We report the clinical phenotype of two children with TANGO2 deficiency disorder.
Patient 1 is a female child presenting with developmental delay and microcephaly during the second year of life, who evolved with severe cognitive impairment, facial dysmorphisms, spastic paraparesis, and atonic seizures. At age 13 years, she was hospitalized due to an episode of rhabdomyolysis complicated with cardiac arrhythmia and hypothyroidism. Patient 2 is a female child with dysmorphic facial features, cleft palate, and developmental delay who was diagnosed with DiGeorge syndrome. At age three years, she presented with an acute episode of severe rhabdomyolysis in the context of human herpesvirus 6 infection. After the resolution of this acute episode, she maintained recurrent muscle weakness with axial hypotonia and progressive spasticity of the lower extremities. In both patients, diagnosis of TANGO2 deficiency disorder was only confirmed after an acute metabolic crisis.

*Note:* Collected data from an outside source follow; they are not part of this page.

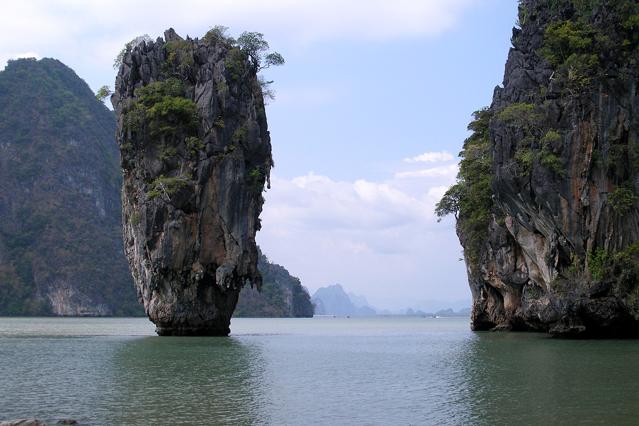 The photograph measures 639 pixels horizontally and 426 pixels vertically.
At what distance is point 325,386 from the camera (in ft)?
71.1

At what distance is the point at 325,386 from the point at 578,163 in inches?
805

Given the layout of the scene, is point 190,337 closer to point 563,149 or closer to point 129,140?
point 129,140

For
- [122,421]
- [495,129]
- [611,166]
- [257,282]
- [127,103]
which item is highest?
[127,103]

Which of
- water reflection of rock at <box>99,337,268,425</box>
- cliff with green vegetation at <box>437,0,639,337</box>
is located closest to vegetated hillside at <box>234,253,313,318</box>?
cliff with green vegetation at <box>437,0,639,337</box>

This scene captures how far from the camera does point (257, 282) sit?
146ft

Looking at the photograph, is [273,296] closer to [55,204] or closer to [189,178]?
[55,204]

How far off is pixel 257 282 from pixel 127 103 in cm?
1359

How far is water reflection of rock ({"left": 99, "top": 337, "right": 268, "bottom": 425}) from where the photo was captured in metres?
16.3

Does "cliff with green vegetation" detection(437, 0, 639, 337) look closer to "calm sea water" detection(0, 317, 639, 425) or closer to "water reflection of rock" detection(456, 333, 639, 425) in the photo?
"calm sea water" detection(0, 317, 639, 425)

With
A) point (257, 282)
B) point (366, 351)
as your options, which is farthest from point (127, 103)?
point (366, 351)

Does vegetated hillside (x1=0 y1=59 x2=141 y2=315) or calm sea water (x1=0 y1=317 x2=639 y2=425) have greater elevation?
vegetated hillside (x1=0 y1=59 x2=141 y2=315)

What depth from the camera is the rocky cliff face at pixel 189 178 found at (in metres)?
42.0

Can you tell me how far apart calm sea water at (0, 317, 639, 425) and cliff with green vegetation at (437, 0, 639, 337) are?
2.91m

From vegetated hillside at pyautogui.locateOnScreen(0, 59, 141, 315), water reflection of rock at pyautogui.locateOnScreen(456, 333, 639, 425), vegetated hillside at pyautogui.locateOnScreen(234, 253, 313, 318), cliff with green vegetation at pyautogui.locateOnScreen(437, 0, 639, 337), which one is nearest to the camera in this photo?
water reflection of rock at pyautogui.locateOnScreen(456, 333, 639, 425) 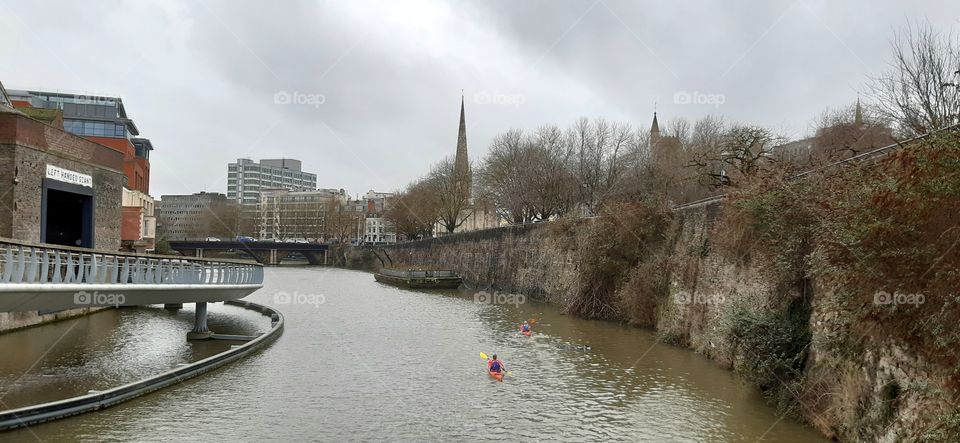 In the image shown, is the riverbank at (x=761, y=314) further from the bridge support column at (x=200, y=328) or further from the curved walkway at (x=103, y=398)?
the bridge support column at (x=200, y=328)

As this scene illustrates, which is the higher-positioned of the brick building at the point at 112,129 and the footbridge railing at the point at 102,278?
the brick building at the point at 112,129

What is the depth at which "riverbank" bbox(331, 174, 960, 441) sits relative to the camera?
9195 mm

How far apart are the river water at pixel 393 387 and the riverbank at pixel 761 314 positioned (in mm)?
807

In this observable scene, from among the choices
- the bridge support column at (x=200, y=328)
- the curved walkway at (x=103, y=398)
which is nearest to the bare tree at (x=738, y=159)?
the curved walkway at (x=103, y=398)

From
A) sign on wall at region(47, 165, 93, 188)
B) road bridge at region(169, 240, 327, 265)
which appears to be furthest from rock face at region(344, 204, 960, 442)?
road bridge at region(169, 240, 327, 265)

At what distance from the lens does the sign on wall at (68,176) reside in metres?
24.8

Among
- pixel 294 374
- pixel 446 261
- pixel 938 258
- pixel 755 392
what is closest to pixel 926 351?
pixel 938 258

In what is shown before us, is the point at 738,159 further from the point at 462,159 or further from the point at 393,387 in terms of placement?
the point at 462,159

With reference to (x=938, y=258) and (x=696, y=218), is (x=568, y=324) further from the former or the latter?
(x=938, y=258)

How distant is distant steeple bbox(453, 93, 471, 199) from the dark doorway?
52047 mm

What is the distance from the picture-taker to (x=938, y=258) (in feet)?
27.4

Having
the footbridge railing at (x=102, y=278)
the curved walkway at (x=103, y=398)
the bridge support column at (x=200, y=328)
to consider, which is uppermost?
the footbridge railing at (x=102, y=278)

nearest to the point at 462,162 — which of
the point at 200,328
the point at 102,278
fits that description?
the point at 200,328

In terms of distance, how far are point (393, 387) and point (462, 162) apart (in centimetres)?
7872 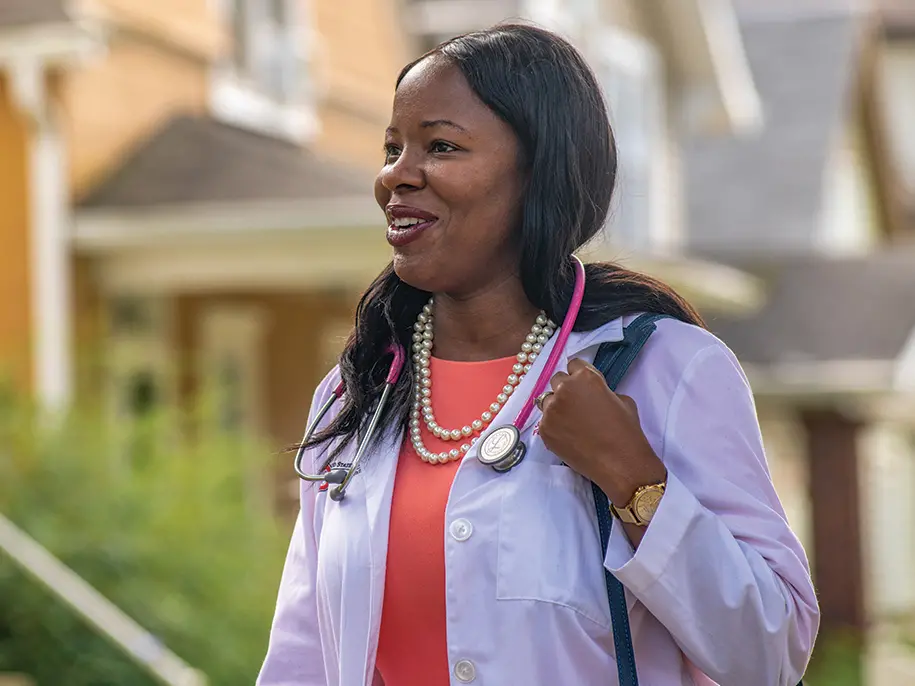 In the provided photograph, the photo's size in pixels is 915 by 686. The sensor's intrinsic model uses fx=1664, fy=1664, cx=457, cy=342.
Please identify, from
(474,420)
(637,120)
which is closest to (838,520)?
(637,120)

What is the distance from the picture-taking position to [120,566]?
24.2 ft

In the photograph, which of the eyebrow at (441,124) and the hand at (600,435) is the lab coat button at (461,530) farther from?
the eyebrow at (441,124)

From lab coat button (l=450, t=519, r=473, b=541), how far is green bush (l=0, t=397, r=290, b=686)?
512cm

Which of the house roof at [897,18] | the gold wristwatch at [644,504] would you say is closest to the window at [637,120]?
the gold wristwatch at [644,504]

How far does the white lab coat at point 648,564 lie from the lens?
2008 millimetres

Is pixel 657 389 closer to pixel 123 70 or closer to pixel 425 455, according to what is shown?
pixel 425 455

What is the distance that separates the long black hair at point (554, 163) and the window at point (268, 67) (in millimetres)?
9814

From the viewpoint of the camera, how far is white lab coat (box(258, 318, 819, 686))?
2.01 metres

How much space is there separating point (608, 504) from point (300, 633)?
560 millimetres

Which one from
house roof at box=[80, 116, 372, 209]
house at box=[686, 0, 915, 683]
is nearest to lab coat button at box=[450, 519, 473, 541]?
house roof at box=[80, 116, 372, 209]

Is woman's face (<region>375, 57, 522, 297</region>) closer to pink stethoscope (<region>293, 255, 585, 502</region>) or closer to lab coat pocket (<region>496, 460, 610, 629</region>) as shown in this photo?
pink stethoscope (<region>293, 255, 585, 502</region>)

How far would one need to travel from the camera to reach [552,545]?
209 centimetres

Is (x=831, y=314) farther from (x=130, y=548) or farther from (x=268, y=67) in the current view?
(x=130, y=548)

A high index of suspicion for TANGO2 deficiency disorder is needed in patients with developmental delay or other neurological symptoms and episodic rhabdomyolysis.
TANGO2 缺乏症是一种由 TANGO2 基因双等位基因突变引起的罕见遗传疾病。
我们报告了两名 TANGO2 缺乏症患儿的临床表型。
患者 1 为女性,在出生后第二年出现发育迟缓伴小头畸形,逐渐出现严重认知障碍、面部畸形、痉挛性截瘫和张力障碍性发作。13 岁时,因横纹肌溶解症伴心律失常和甲状腺功能减退症而住院。患者 2 为女性,具有面部畸形、腭裂和发育迟缓,被诊断为 DiGeorge 综合征。3 岁时,她在人类疱疹病毒 6 感染的背景下发生急性严重横纹肌溶解症。急性发作缓解后,她持续出现肌无力,伴有轴性低张力和下肢进行性痉挛。在这两名患者中,仅在发生急性代谢危象后才确诊为 TANGO2 缺乏症。
对于出现发育迟缓或其他神经症状和阵发性横纹肌溶解症的患者,需要高度怀疑 TANGO2 缺乏症。